Restate word for word the span of lines that opens with the line containing "Perceel DTN01-B-1907" and closes with the last line of the material. Include both ends and nothing more.
[[ Exercise data, beginning ]]
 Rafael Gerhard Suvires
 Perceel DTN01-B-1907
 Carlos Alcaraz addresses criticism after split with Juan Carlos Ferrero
[[ Exercise data, end ]]
_Answer below_
 Perceel DTN01-B-1907
 Carlos Alcaraz addresses criticism after split with Juan Carlos Ferrero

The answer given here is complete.